From the 16 families I managed to get a rather high amount of good quality RNA from 4 families. I made sure that I would have gene products from the same mother, crossed with 4 different fathers. I would say that this is the heart of this study. We could reduce variation in gene expression due to maternal effects. Different genotypes from the fathers were investigated against a constant background of the same mother. The whitefish external breeding system allowed us to control for host genotypes and contrast environment-induced changes in gene expression. I am discussing this strength of the study in the paper and encourage other scientists to use the same host system of fish with an external breeding system to investigate gene expression due to different treatments. It does not only present a way to reduce variation in expression due to maternal and environmental effects, it also provides the possibility to study gene expression in natural populations and their ecologically-relevant context.
I also would like to add that it was very pleasant to work with Laurent Farinelli at Fasteris. He is one of the founders of the Illumina sequencing methodology and he had the balls to start his own company. Now he is collaborating on many very exciting projects and he delivers high quality data and an exceptional service. I enjoyed my few meetings in Geneva at his company.
To end the story of this paper I have to mention that I finally sent the extracted RNA for sequencing in summer 2012. I received the data during my maternity leave and already started playing with it. In 2013 I managed to assemble all reads. I had to digest quite a bit of theory about partly assembled gene expression reads (transcriptomes) and I learned how to use a high-performance computing system (clusters at the SIB). In 2014 I did the differential gene expression analysis and compared reads of interest to different online reference databanks. Here I could rely on the theory about differential gene expression in lung cancer datasets that I was exposed to during my internship at Novartis. This project would not have been possible without the help of several co-workers at UNIL, such as Oksana Riba, Kate Ridout, Paris Veltsos and my co-author Emily Clark. At this point I would like to thank them again for their help and advice.

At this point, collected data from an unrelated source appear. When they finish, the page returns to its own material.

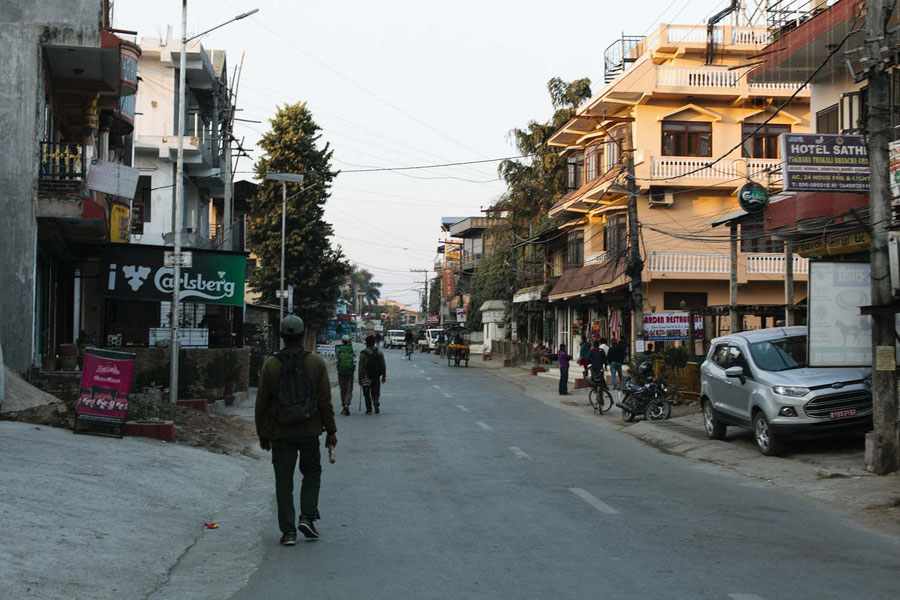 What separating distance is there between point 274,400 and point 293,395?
24 centimetres

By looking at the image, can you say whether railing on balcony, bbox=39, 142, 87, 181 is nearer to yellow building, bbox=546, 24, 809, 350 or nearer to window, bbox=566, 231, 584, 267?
yellow building, bbox=546, 24, 809, 350

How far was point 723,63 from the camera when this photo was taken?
3931cm

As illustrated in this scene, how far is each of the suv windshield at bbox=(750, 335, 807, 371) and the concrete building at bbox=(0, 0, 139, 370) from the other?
13472 millimetres

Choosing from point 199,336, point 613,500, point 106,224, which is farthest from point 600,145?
point 613,500

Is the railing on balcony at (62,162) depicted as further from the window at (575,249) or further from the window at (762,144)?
the window at (575,249)

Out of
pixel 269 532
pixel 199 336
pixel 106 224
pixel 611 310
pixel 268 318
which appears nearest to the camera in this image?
pixel 269 532

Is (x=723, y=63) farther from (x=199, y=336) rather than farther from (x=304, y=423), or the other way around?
(x=304, y=423)

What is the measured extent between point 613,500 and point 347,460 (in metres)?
5.25

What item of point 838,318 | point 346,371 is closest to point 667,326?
point 346,371

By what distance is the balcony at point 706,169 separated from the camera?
37469 mm

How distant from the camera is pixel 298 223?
54844 mm

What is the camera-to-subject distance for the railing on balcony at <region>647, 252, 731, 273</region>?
3650cm

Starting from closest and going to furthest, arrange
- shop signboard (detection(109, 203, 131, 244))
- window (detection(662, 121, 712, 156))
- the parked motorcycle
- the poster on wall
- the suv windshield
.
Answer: the poster on wall < the suv windshield < the parked motorcycle < shop signboard (detection(109, 203, 131, 244)) < window (detection(662, 121, 712, 156))

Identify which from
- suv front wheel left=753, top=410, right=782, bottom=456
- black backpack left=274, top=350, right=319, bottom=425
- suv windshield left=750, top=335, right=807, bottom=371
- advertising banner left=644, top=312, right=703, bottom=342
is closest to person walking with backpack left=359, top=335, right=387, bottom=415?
advertising banner left=644, top=312, right=703, bottom=342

At the moment I am supervising a Master student who is applying the same experimental set-up in grayling (Thymallus thymallus). He is looking at sex-specific gene expression of grayling embryos under estrogen stress. In this project we also did all the steps from fieldwork until bioinformatics ourselves. However, he can rely on several collaborators who are specialized in the different aspects of the project and as a Master student he concentrates on only one project at a time. I am very excited to see him advancing so fast.